The EU Environment Council on March 17, 2026, failed to reach a unified position on the revision of CO2 emission standards for cars and vans, exposing a deep divide between member states. France and Sweden led a coalition advocating for a strict electric mobility pathway, while Poland and Hungary demanded greater flexibility, including the continued use of internal combustion engines beyond 2035. The meeting, chaired by the Polish Presidency, was intended to finalise the Council's negotiating mandate but ended without agreement, postponing a decision to a future session.

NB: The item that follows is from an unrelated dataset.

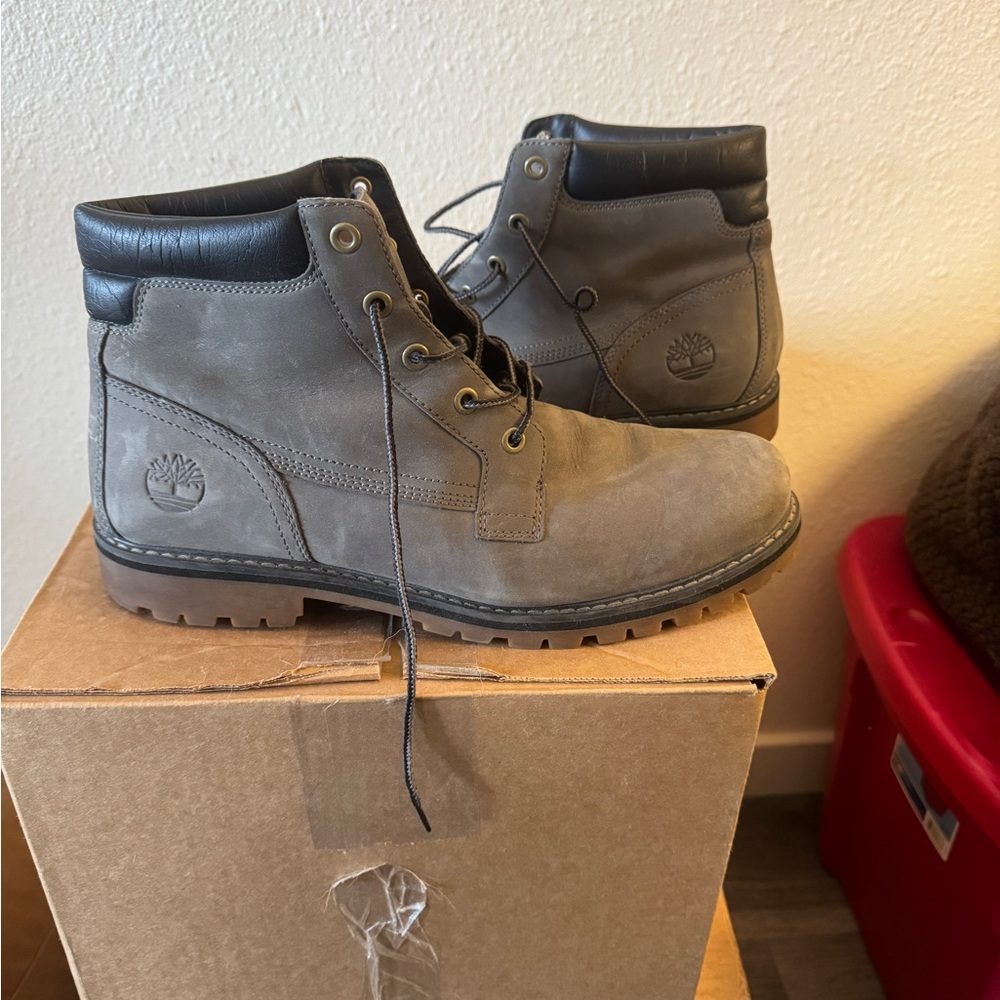 Timberland Men's Gray Leather Boots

Commission Proposals and Prior Debates

The clash follows the European Commission's automotive package presented on December 16, 2025, by Executive Vice-President Stéphane Séjourné and Commissioner Wopke Hoekstra. That package proposed a 90% fleet-wide CO2 reduction by 2035, with a compensation mechanism allowing manufacturers to offset the remaining 10% via sustainable fuels or low-carbon steel. Commissioner Hoekstra further elaborated on these proposals on January 28, 2026, emphasising flexibility and technological neutrality. However, the Council debate revealed that member states remain split on the core question of whether to allow combustion engines beyond 2035.

Positions and Cleavages

France and Sweden, supported by Denmark and the Netherlands, argued that the 2035 target should remain an effective ban on new internal combustion engine vehicles, with only battery electric and hydrogen fuel cell vehicles permitted. They stressed the need for regulatory certainty to drive investment in charging infrastructure and battery production, aligning with the Commission's Battery Booster initiative. In contrast, Poland and Hungary, backed by the Czech Republic and Slovakia, called for a more flexible approach, allowing plug-in hybrids and combustion engines running on e-fuels or biofuels to count towards the 2035 target. They argued that a rigid ban would harm their domestic automotive industries, which rely on combustion engine production, and increase costs for consumers.

Impact on Stakeholders

The deadlock creates uncertainty for EU car manufacturers, who face divergent national regulations and potential delays in investment decisions. A strict electric mandate would benefit producers of battery electric vehicles and charging infrastructure companies, but could disadvantage manufacturers with strong combustion engine supply chains, particularly in Central and Eastern Europe. National authorities in countries like Poland and Hungary would face pressure to support industrial transition without clear EU-level flexibility. EU consumers may experience a fragmented market, with varying availability of vehicle types and prices across member states.

Next Steps

The Council is expected to resume discussions under the upcoming Danish Presidency, which may seek a compromise. The European Parliament, which adopted its position in January 2026, has called for a 100% zero-emission target by 2035 with limited derogations. Trilogue negotiations cannot begin until the Council agrees a common position, prolonging the legislative process.